Старый Валаам - Иван Шмелев 7 стр.


IX. Святости. – В большом скиту. - Вразумление

Под сводами ворот, в заломе, – монастырская лавка "святостей". Строгий монах-хозяин не предлагает богомольцам свои товары: не умеет, что ли, – или грехом считает. Ответит только, сколько стоит. Скажет – и стоит в раздумье. Все – только для богомольца из народа. Валаам не угождает случайному туристу, нет ему дела до туристов: лучше бы их и не было, соблазна меньше. Старый Валаам – суров. Богомолец его – по нем, простецкий, трудовый, духовно-постный: требует крестики и образочки, "из жития", картинки-притчи. Слышишь только:

– Для святого угла бы… за полтинник.

– Из божественного… наставительного чего бы.

Или редко: "Библию бы, настоящую большую, самую… чтобы уж и внукам проникалось, сколько годов все собирался, со святого места…"

Нам хочется чего-нибудь из местного.

– Нет ли у вас валаамского чего-нибудь, художественного?

Монах не понимает. Смотрит недоверчиво, как будто: "Эти питерские, из чистых… развлекатели, все бы им для забавки…" – думает так, пожалуй:

– Это чего, худо-ственного… как разуметь?

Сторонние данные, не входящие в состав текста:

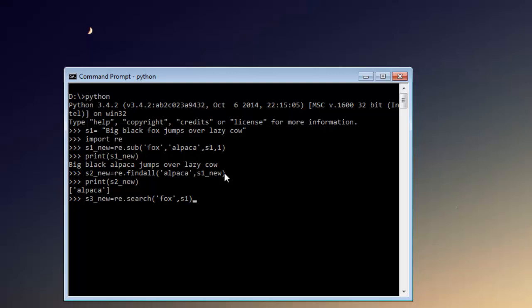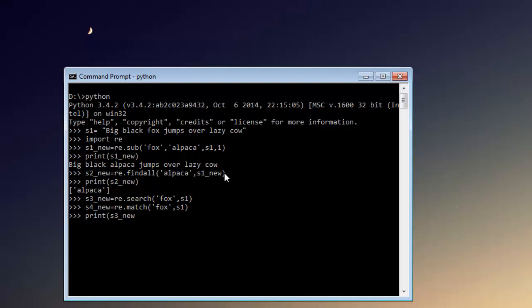Let's create another variable, and this time we are going to use re.match. I'm going to check for fox again within the first string. I'm going to print s3_new. So we have a match here and we searched for it, it shows as sre match object.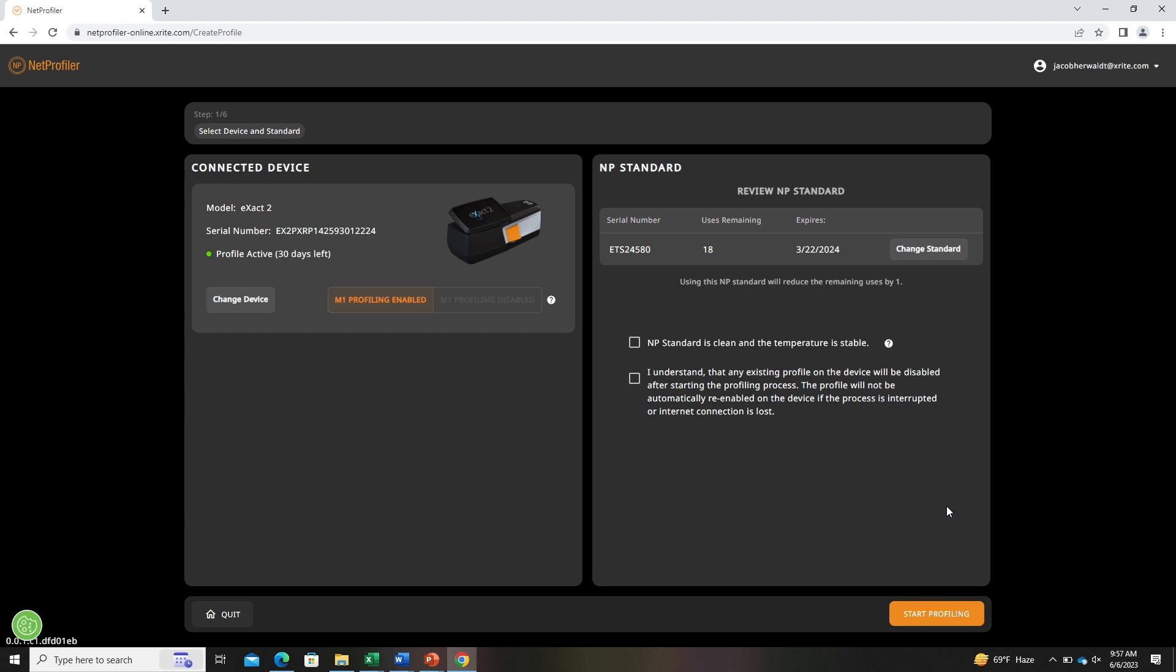One thing to note: NetProfiler does disable the profile that is active on the device if there is one. So if you disconnect from the internet or quit the process at any point, make sure that you re-enable the profile that is on the device before continuing in production.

Стараюсь объяснить попроще: ну поделок из валаамского гранита… ну пресс-папье, каких-нибудь фигурок… на письменный бы стол… Он не понимает, что за пресс-папье!

Стоит – молчит.

– Может быть, ларчик для колец… такой, изящный? На Урале делают такие…

Нет, молчит.

– Тут для богомольцев, "святости"… поделок нету.

Фи-гурки?.. Из валаамского гранита? Игру-шки?!.

– В Питере… там всякие безделки. Тут – "святости".

На Валааме не тратят время на безделки. Рыбу на удочку не ловят: баловство. В проливе не купаются: грех, вода святая. По грибы, по ягоды ходить для развлеченья – прихоть: ходят в послушание, во благовремении, для обихода.

Есть только деревянные изделия – святыньки: крестики из можжевелки, из кипариса-дерева, свято-афонского, да ложки с видом Валаама и "благословеньем" на черенке: станешь вкушать – о Валааме вспомнишь.

Мы выбираем ложки.

Древний старичок, совсем слепой, что-то ковыряет за прилавком – нанизывает большой иглой оливковые косточки, свято-афонские, для четок. При каждом новом покупателе он еле подымается с отлакированной годами табуретки и не голосом, а выдыханьем – до того он слаб – смиренно предлагает свое изделие: "На святую обитель, пожертвуйте… тридцать хоть копеечек, щедрость ваша…" Мы покупаем четки. Старичок светится улыбкой, поверяет угрюмому монаху, как ребенок: "Дал Господь-то… вот и еще четочки приняли… сла-ва Тебе, Создателю…" Он детски счастлив, что еще может послужить обители во славу Господа. Вспоминаю и корю себя: зачем не взял у него еще, еще, все четки, какие только были. Вот бы доставил радость! Ведь труд для него – святое, подвиг, как молитва. На Валааме все в трудах: от самого игумена, от столетнего схимонаха до мальчугана-монашенка, привезенного отцом "на выправку", по обещанию, "для Бога". Здесь все в работе – и душа, и тело. И все – во имя. С зари до зари. А ночь? Да есть ли ночь на Валааме! Чуть забылись, а в половине 2-го ночи очередной "будильщик" призывает: "Вре… мя пе-нию… мо… ли-тве ча… а-а-ас!.." И все звонит, звонит.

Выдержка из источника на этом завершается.